When Hawkins overdosed, it was hard not to wonder if Grohl was reliving his memories of Nirvana frontman Kurt Cobain, who had OD'd on numerous occasions, and whose heroin addiction played a factor in his untimely demise. But Grohl said his relationship with Cobain was entirely different than his friendship with Hawkins, and that there was always a wall of separation between the Nirvana singer and the rest of the band.

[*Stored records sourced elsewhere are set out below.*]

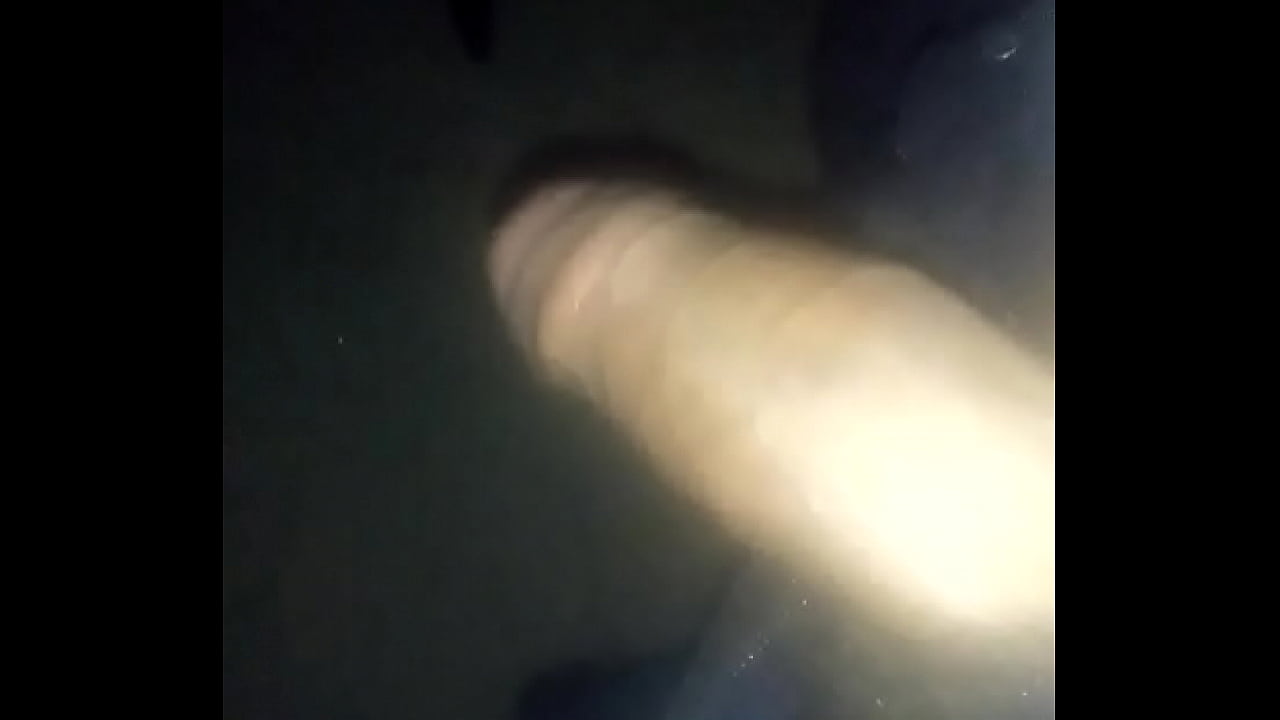 You like ? My big cock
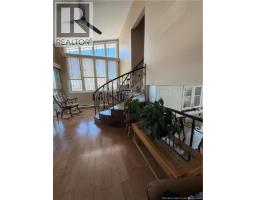 109 Bourgoin Street, Drummond, NB E3Y1K2 Photo 31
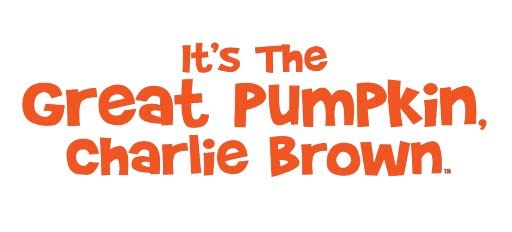 It's the Great Pumpkin, Charlie Brown 4K 100 Deals
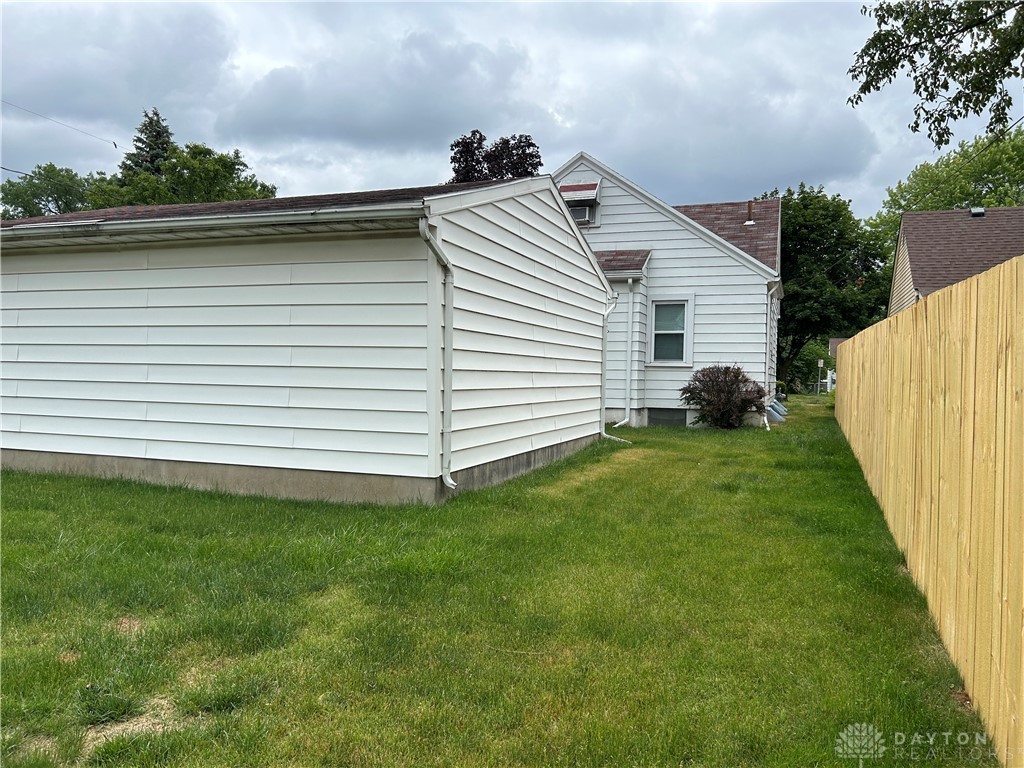 401 Shroyer Road Dayton, OH 45419 - Photo 9 of 49 Gallery Image 9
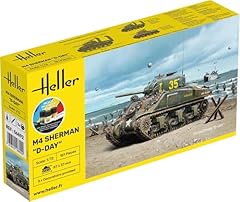 Heller maquette 56892 d'occasion  Livré partout en France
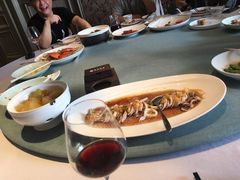 -宝燕壹号(徐汇店)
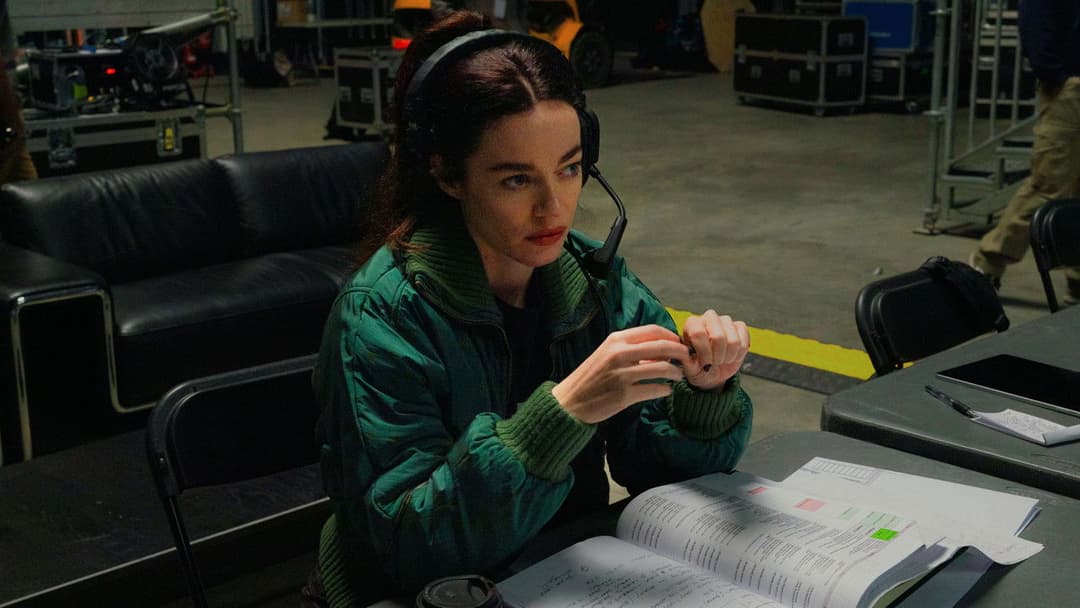 The Moment backdrop 18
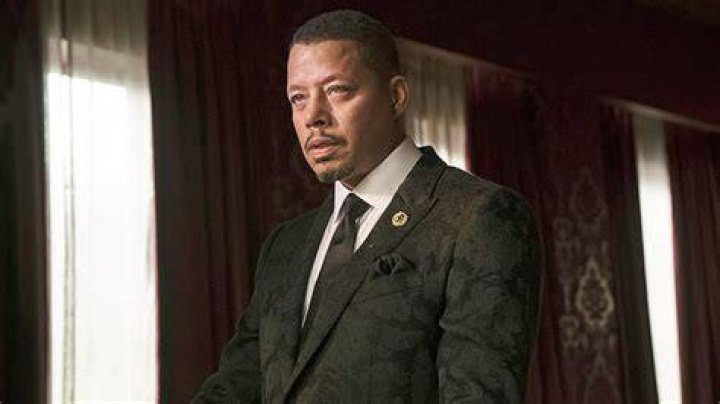 Hakeem’s Alive & Eddie’s Dead — Season 5 Premiere Recap – Hollywood Life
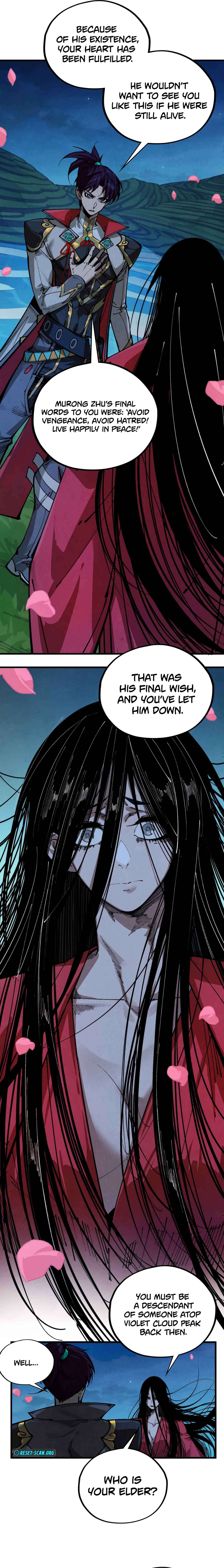Chapter 519 - Image 5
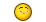 1689665982538.gif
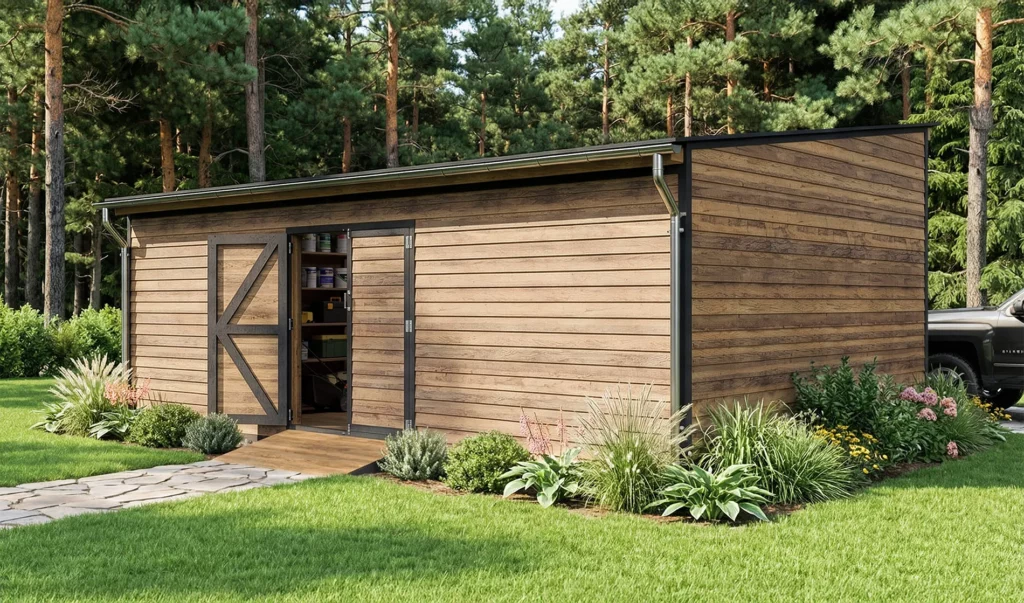 16x24-lean-to-storage-shed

"When Kurt was into doing drugs, Krist [Novoselic] and I didn't do that stuff, and Kurt and Courtney [Love] did, so there was just this line drawn," Grohl said. "It was us and them — people who do drugs and people who don't. And we would hear about it the next day. Like when we played at Roseland at the New Music Seminar [in New York], Kurt died the night before [and had to be resuscitated], and I didn't find out about that until after the show. So I was totally oblivious to what was going on."

When it comes to drugs these days, Grohl just says no ("I just go into full panic mode [when I do drugs]. I can't breathe, [I think that] nobody likes me, I'm stupid, I'm ugly, I don't have a chin. I just totally lose my mind, so I stopped"). That might seem strange for a guy who now moonlights in Queens of the Stone Age, who have lovingly been called "drug-rock" or "stoner-metal."

"Contrary to what most people think, what I do as a musician is work," Grohl pointed out. "You really have to keep it together and drugs don't necessarily always help that."

Grohl doesn't use chemicals to reach the expansive state of mind that great space music — from Pink Floyd to Spacemen 3 to High on Fire — engenders. His natural feel for the cosmic — not to mention eccentric (see Foo videos for "Big Me" and "Learn to Fly," and Tenacious D's clip for "Tribute," in which Grohl plays Satan) — work just fine to take him where most of us have never gone before. Just ask about his fascination with extraterrestrials.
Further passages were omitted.